MGR Medical University's latest norms is old wine in new bottle: HC
By T S Sekaran | ENS | Published: 18th July 2013 10:34 AM |
The first bench of the Madras High Court has termed as ‘old wine in new bottle’ the latest regulations/guidelines issued by the TN Dr MGR Medical University, which stipulated 50 per cent marks in each subject including practical and theory, for a pass for MBBS students.
The bench of Acting Chief Justice R K Agrawal and Justice M Sathyanarayanan made the observation while quashing the regulations and allowing a batch of petitions from C Praveen and 18 other MBBS students.
Petitioners’ counsel S Thanka Selvan contended that a division bench had already quashed similar regulations/guidelines issued by the Medical University in 2012. Because of the stipulation, many meritorious students had failed, he added.

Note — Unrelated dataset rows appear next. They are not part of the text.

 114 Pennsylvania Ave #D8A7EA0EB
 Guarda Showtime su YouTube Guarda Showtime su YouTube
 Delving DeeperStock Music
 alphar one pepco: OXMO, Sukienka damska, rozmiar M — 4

Accepting Selvan’s contention, the bench observed that the 2012 regulations had already been set aside by a bench headed by the then chief justice. The bench had categorically held that the guidelines of the university were inconsistent with Regulation 12 (4) of the Medical Council of India (MCI) and could not be stated to be prescribing higher standards.

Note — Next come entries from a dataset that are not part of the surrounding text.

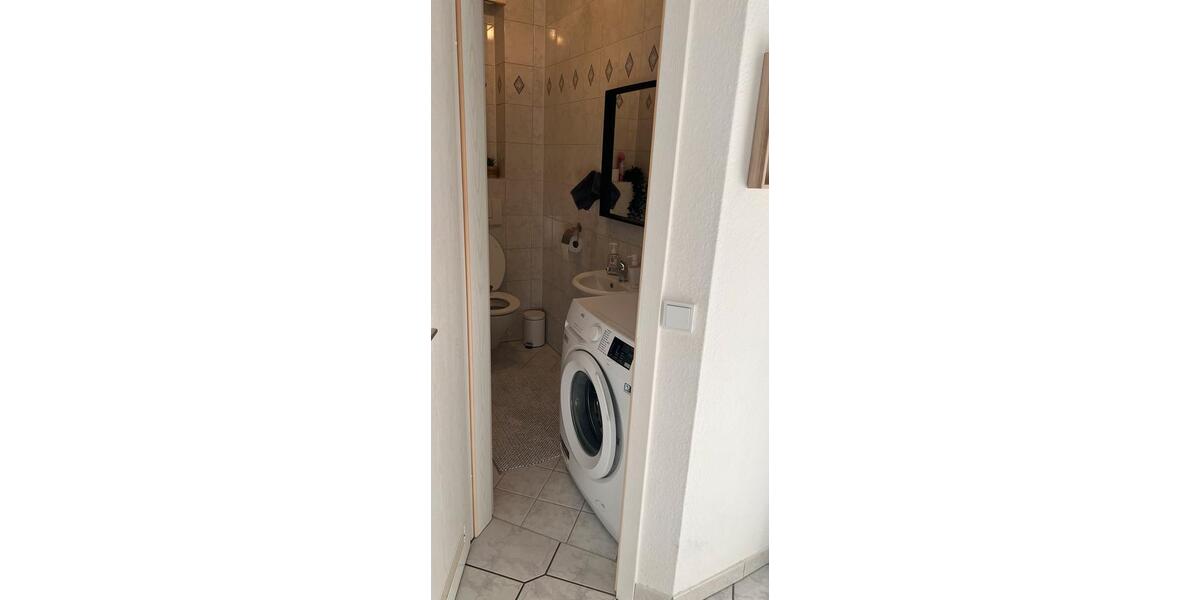 Etagenwohnung Gelsenkirchen - 3.5 Zimmer, 76 m&sup2;, 190.000&euro; | Angebot:26652464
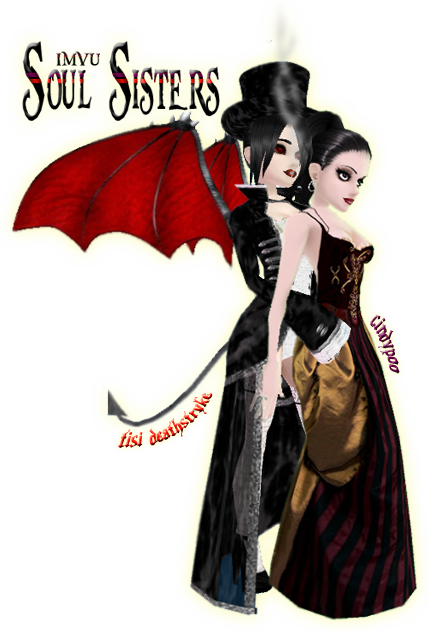 sticker_1382303_9027513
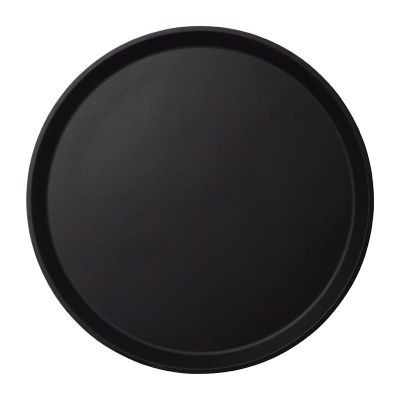 Cambro Camtread Kaymaz Servis Tepsisi, 40.5 cm - 1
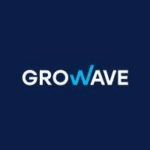 growave - magenative mobile app integration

A perusal of the present guidelines showed that they were similar to those which were challenged earlier and nothing but “old wine in a new bottle”. The matter in issue was squarely covered by the court’s earlier decision. The special leave petitions were also dismissed by the Supreme Court at the admission stage itself.
So, it was not open to the university to say that since MCI took the stand that the impugned guidelines would not be in conflict with the Central Regulations, it was entitled to implement the same. The bench, however, made it clear that “it is not inclined to say that there should not be improvement in the standards of medical education in this country”.
“But at the same time, the MCI should not amend or alter its Regulation 12(4) keeping in view the present situation, particularly in the field of medicine and allied subjects, so that it will be uniformly applied to all the governments and medical institutions,’’ the bench observed.